2015年2月2日月曜日

『アウシュヴィッツ博物館案内』の著者・中谷剛さんを「東京新聞」が大きく紹介!


 ナチス・ドイツが約110万人を殺害したアウシュヴィッツ収容所の解放から70年を迎えて、ポーランド南部のオシフェンチムで1月27日、世界各国の首脳ら300人が集まって70年記念式典が開かれました。新聞などで報道されたのでご存知の方も多いかもしれません。この70年のあいだに生存者が少なくなり、ホロコースト(ユダヤ人やロマらの大量虐殺)の「現場」を知ろうとすると、アウシュヴィッツ博物館として保存されている「収容所跡」をつぶさに見学して、犠牲者の苦しみに思いを馳せることしかできなくなりつつあります。
 世界中から見学者が訪れるこのアウシュヴィッツ博物館で、日本人唯一の公認ガイドとして17年にわたって日本人らを案内してきたのが中谷剛さん(1966年生まれ)です。小社では博物館の全面協力の下で中谷さんが書いた『アウシュヴィッツ博物館案内』を2005年前に発刊し(2012年に新訂版発行し好評発売中)、信頼性のあるガイド書として増刷を重ねてきました。「解放70年」に当たって、東京新聞は2月1日、「あの人に迫る」というコーナーで、ほぼ全頁にわたって中谷さんへのインタビューを掲載しました。
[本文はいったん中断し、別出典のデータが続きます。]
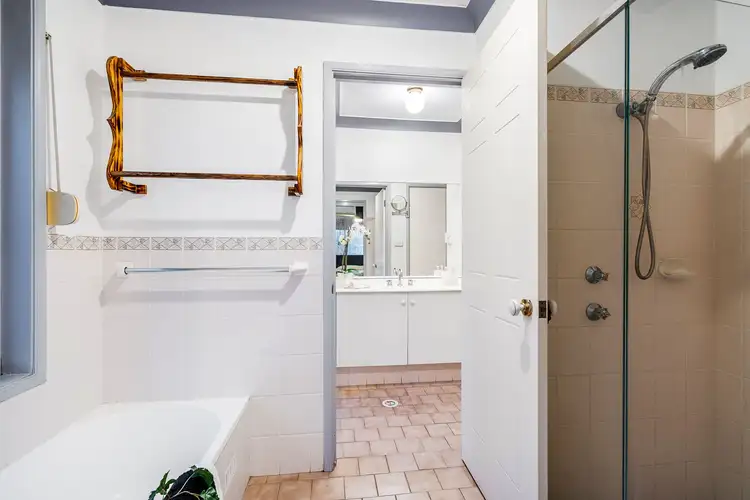 Fifth view of Homely house listing, 6 Redgum Circuit, Glendenning NSW 2761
その中で中谷さんはこう語っています。
 「(日本人の)若い人たちと話すと、戦争をめぐる近代史の知識が抜けている人が多いことに気付きます。アジアの問題への対応で考える材料がないことになり、なんとかしてこの部分を穴埋めしないといけない。/その上で若い人には『今から経済が弱くなって悪い時代になるわけではない。今までできなかった、もっと良いものが見つかるんだ』と伝えたい」
 ガザ地区パレスチナ人へのイスラエルによる無差別攻撃、ISIL(自称「イスラム国」)やボコハラムの非道・卑怯な殺戮・誘拐行為、一部日本人らのヘイトスピーチ――政治や経済のグローバル化に伴う貧困・格差の増大と、自己の優越性を一方的に強調するナショナリズムおよび他者への憎悪が一体の関係にあることを、「アウシュヴィッツ」は今なお私たちに発信し続けています。
 「排斥」の思想が社会に広がると、平凡な人も「人間を人間と思わなくなる」ことがあると、アウシュヴィッツの歴史から中谷さんも指摘しています。
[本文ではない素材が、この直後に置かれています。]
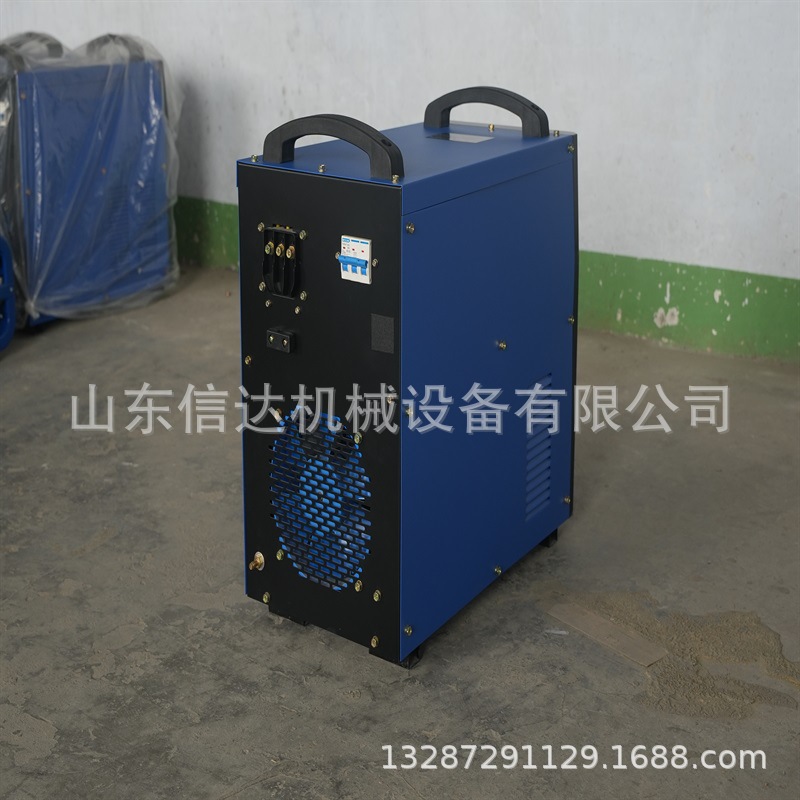 数字化埋弧焊机数字化埋弧焊机MZ1000/1250逆变埋弧焊机现货供应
 日本政府はいま、辺野古への新基地建設強行、核兵器の原料となるプルトニウムを溜め続ける原発の再稼働、特定秘密保護法施行や集団的自衛権の閣議容認など、平和主義・民主主義を弊履のように捨て去って「戦争ができる」国に向かって強行突破を図っているように見えてなりません。
 『アウシュヴィッツ博物館案内』は若い人たちにぜひお読みいただきたい本です。そして可能ならぜひ、ポーランドのオシフィエンチムを訪ねてみてください。